Epiphany is one of my favorite feasts and has been since childhood. It’s a feast of movement, of response, a feast that celebrates human wonder, openness, self-offering, and joy. The Gloria sung by the angels at Christ’s birth continues to resound, and the promise of peace is amplified by the appearance of the magi. At Epiphany, we remember God’s love for all the people of the earth; we reflect on our own journeys to Christ, and we recommit ourselves to communion with all of our brothers and sisters.

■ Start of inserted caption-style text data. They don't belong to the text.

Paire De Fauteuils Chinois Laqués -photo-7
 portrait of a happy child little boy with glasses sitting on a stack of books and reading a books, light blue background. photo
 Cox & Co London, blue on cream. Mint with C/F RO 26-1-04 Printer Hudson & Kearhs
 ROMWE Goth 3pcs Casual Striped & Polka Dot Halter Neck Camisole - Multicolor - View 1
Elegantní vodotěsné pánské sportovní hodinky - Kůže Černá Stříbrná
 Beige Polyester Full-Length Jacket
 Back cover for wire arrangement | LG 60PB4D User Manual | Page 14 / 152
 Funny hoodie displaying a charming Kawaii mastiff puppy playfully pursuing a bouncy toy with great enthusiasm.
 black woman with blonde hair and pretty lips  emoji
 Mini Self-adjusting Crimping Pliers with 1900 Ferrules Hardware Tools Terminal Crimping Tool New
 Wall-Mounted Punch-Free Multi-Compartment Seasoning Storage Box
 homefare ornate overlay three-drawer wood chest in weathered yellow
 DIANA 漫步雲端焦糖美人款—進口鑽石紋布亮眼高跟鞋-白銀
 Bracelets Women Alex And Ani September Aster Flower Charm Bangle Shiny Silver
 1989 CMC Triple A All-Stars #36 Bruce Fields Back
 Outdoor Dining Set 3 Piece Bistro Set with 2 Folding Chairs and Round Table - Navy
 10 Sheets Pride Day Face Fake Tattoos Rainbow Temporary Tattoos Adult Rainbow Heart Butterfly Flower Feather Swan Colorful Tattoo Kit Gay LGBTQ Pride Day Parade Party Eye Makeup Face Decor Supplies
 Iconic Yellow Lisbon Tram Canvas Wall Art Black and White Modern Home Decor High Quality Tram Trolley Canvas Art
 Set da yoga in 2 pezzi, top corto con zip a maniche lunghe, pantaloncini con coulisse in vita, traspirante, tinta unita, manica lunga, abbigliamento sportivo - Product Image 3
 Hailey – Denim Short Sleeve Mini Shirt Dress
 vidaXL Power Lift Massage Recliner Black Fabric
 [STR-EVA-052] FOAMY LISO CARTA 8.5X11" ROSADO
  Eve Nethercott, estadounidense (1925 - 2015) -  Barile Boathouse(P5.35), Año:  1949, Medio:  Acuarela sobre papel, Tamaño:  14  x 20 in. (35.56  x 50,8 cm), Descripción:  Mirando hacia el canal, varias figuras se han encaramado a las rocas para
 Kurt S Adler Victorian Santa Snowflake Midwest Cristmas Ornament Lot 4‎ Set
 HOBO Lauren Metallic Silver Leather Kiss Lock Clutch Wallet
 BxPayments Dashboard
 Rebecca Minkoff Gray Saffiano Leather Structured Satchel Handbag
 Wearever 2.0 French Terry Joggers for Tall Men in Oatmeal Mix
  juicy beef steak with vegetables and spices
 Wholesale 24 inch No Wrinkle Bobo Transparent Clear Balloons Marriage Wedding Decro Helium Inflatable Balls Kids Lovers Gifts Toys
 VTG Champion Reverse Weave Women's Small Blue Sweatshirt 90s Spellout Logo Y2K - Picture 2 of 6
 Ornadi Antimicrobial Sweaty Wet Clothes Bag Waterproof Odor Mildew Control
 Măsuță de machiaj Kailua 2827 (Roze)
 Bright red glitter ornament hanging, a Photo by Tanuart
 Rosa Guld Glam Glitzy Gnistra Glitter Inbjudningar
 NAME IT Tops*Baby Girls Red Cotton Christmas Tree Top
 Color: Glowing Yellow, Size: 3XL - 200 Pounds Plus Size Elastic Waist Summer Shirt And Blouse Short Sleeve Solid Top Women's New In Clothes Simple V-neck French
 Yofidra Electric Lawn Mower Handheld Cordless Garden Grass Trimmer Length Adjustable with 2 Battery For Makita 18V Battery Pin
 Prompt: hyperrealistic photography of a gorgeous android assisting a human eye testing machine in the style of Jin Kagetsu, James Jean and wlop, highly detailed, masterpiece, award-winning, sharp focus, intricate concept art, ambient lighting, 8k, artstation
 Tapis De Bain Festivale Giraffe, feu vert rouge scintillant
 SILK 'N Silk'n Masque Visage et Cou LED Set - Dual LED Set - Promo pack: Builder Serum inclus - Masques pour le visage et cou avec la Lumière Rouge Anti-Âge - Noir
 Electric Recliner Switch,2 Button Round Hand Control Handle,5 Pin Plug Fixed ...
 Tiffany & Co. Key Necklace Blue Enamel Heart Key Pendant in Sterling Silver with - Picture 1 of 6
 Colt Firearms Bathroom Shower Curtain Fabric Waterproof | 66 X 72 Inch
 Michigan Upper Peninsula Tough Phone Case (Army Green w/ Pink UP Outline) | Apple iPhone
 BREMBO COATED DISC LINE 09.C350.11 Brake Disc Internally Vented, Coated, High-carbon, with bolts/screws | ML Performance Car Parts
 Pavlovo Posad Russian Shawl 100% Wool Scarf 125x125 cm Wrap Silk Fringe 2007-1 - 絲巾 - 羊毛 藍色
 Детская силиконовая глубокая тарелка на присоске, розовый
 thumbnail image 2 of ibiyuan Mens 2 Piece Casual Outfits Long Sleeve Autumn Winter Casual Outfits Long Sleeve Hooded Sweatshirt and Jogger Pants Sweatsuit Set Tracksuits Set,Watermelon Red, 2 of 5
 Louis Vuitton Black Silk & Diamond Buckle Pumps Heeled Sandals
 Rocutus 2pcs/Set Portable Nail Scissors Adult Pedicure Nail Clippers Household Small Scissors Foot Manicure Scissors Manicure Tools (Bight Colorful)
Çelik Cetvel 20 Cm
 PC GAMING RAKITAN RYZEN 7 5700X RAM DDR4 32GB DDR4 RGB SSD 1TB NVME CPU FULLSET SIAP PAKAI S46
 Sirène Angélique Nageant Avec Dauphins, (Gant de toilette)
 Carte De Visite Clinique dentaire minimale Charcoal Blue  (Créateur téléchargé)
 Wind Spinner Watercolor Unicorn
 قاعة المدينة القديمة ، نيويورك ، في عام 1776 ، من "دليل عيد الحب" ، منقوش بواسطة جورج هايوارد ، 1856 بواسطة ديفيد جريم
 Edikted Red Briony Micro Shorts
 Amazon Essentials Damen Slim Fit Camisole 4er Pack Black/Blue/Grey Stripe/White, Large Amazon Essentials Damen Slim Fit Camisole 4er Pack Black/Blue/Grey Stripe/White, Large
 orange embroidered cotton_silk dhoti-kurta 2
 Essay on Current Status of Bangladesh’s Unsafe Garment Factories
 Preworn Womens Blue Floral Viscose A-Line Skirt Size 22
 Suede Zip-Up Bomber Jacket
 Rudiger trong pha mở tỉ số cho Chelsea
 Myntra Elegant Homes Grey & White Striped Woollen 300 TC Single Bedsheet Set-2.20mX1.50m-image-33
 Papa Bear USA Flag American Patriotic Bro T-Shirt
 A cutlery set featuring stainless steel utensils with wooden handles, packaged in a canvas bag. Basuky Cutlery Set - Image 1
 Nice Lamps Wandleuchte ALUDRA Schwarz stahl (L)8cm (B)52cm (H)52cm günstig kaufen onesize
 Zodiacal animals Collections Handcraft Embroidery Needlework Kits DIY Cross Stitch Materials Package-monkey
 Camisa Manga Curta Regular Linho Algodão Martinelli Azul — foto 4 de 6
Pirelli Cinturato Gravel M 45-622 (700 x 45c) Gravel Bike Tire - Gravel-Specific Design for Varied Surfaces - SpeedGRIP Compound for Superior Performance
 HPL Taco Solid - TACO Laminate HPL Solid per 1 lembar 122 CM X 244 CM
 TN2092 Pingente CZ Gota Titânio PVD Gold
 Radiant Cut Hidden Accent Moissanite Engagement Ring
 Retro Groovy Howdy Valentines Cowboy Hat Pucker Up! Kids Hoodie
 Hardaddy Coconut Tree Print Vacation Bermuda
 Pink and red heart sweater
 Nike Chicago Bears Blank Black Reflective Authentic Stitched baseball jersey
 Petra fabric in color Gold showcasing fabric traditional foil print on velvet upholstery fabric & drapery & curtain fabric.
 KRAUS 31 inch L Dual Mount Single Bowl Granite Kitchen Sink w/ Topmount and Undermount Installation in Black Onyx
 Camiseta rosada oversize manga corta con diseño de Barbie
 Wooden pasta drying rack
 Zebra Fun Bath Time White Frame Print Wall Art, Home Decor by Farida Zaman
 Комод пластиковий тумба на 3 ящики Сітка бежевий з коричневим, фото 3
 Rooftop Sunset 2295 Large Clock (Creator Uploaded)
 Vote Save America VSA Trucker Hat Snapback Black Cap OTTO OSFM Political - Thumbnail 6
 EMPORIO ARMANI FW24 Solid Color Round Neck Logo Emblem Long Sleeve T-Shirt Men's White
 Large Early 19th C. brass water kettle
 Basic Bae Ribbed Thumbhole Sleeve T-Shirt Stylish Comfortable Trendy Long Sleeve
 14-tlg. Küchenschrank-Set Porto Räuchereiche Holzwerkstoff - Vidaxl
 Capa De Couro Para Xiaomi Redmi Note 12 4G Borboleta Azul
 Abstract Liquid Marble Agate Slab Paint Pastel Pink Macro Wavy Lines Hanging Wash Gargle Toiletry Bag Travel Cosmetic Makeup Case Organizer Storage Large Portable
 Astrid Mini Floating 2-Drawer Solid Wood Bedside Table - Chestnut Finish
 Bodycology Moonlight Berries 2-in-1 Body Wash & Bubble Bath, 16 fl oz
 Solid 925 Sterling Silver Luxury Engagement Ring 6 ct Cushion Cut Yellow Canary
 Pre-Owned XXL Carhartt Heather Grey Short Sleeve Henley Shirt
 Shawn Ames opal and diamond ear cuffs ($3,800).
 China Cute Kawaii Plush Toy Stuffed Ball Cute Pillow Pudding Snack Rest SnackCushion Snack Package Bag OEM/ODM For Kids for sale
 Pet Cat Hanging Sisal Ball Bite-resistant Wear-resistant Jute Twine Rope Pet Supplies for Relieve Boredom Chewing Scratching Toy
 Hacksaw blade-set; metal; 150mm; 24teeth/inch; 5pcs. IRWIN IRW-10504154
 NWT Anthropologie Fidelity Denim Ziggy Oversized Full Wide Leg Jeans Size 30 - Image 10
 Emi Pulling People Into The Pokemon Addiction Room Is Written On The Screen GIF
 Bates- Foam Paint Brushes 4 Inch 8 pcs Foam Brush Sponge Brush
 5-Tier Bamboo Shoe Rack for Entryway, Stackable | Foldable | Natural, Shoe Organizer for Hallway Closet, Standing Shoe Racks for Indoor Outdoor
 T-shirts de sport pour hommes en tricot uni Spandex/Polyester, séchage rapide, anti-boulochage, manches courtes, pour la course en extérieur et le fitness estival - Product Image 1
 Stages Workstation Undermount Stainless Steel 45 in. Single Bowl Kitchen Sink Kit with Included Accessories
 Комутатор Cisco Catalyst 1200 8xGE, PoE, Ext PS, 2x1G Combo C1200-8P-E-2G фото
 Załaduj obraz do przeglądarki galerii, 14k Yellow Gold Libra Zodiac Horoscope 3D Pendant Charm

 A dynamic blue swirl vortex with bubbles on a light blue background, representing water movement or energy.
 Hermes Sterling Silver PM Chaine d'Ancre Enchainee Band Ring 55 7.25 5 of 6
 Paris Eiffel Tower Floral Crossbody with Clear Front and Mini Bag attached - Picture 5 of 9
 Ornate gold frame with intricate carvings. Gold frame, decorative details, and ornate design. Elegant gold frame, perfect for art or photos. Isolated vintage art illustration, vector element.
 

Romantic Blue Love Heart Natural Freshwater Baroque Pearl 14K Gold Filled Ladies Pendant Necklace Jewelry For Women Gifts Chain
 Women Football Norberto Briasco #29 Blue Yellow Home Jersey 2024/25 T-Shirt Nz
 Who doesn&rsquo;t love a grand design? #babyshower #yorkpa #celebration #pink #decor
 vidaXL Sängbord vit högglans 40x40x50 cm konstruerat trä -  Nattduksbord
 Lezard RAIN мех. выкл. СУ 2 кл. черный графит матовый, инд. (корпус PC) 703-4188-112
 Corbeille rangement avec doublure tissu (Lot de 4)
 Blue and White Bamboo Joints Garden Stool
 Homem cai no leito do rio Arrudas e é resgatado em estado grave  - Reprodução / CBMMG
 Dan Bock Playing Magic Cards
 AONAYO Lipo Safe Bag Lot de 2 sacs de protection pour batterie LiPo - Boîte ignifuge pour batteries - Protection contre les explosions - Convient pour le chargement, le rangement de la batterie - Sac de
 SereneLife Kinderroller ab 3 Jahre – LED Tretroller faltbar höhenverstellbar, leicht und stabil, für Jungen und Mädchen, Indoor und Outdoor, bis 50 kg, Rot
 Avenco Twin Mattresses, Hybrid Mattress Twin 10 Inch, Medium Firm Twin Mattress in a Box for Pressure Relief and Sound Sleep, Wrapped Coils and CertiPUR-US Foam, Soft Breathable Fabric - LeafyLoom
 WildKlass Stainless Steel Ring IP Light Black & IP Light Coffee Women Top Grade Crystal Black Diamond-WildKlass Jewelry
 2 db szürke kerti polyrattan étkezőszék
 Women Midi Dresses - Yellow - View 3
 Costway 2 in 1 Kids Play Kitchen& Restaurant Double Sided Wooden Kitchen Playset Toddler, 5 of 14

On this feast, we also celebrate child-like wonder and trust. How many of us still delight in watching the figures of the wise men get closer and closer to the crèches set up in our churches and homes? When I was young, I kept a close eye on the movements of the magi in the cathedral that was our family church. There, the three kings traveled from the south transept, passing the lectern and edging their way along the base of the rood screen towards the manger beneath the pulpit. Just before Epiphany, they had to make a great leap across the central aisle, and I was always thrilled to see them safely on the other side.
Here in the monastery, the magi don’t have to cross an aisle, but their journey is no less perilous. Our nativity is to the right of the ambo, so the three kings have had to travel from the behind the presider’s chair, along the ledge beneath the rock on which our tabernacle rests, and then through a forest of poinsettias and Norfolk pines.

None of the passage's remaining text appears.